Issue http://www.w3.org/2000/03/rdf-tracking/#rdfms-xmllang
(and Issue http://www.w3.org/2000/03/rdf-tracking/#rdfms-xmllang) say:
  [[
    a literal consists of three components:

    * A representation of the parseType, which is a single bit
    * A language indicator which is a string as defined in XML
    * A fully normalized UNICODE string.
  ]]
  -- decided in http://www.w3.org/2001/sw/RDFCore/20020225-f2f/#d-2002-02-26-1

(Aside: although I see no response from the issue raiser, timbl)


Issue http://www.w3.org/2000/03/rdf-tracking/#rdfms-xml-literal-namespaces
  [[
    * the exact form of the string value corresponding to any given
      XML Literal within RDF/XML is implementation dependent.

    * the string value is well-balanced XML

    * taking the exclusive canonicalization of both the original XML
      Literal in its containing document, and the string value of the
      literal produce the same character string. (this will be used
      as the basis for test cases)

    * the canonicalization above is without comments i.e. CONFORMANCE
      should be tested by canonicalizing without comments; comments
      may be included in the string representation of a literal

   ]]
   -- decided http://lists.w3.org/Archives/Public/w3c-rdfcore-wg/2002Mar/0235.html


http://www.w3.org/2001/sw/RDFCore/20020225-f2f/
"Notes from I18N/RDFCore Meeting"

 * 18N agree that RDFCore requires a transitive string comparison
   algorithm and requests that the specs do not mislead application
   developers into thinking they are not permitted to implement a more
   flexible string matching algorithm, e.g. on queries.

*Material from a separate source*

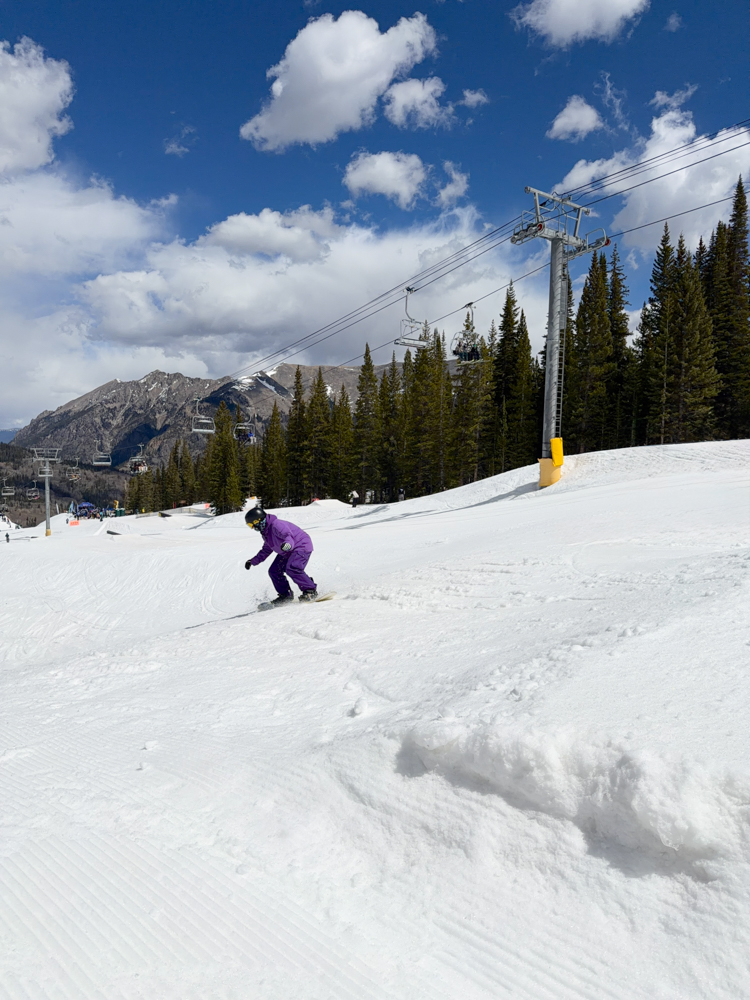 snowboard freestyle 101 the link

 * I18N found the proposed solution of literals being a pair of a
   string and a language tag acceptable.


Some discussion of the literal equality stuff proposed by John Cowan:

  [[
  Literals are equal iff:

  1) the strings are equal, and
  2a) at least one string does not have a tag, or
  2b) one tag is a prefix of the other within the meaning of RFC 3066
       (i.e. "fr"/French is not a prefix of "fry"/Frisian but is a prefix
       of "FR-CA"/Canadian French).
  ]]

  -- http://lists.w3.org/Archives/Public/w3c-rdfcore-wg/2002Feb/0653.html

but we backed off from the prefix stuff, allowing applications to be
more permissive on matching language tags while letting RDF just use
simple (case-independent) equality.

======================================================================

Trying to summarise

  An RDF literal consists of three components:

  * [literal-value]
    A fully normalized Unicode string.

  * [literal-is-XML]
    A representation of the parseType, which is a single bit.
    If the bit is set, the [literal-value] must be interpreted
    as serialized XML rather a sequence of Unicode characters.

  * [literal-language]
    A language indicator string

  Constraints

    On [literal-language]

      * Any allowed xml:lang content as defined in
        http://www.w3.org/TR/REC-xml#sec-lang-tag

    For XML literals; that is, when [literal-is-XML] is set.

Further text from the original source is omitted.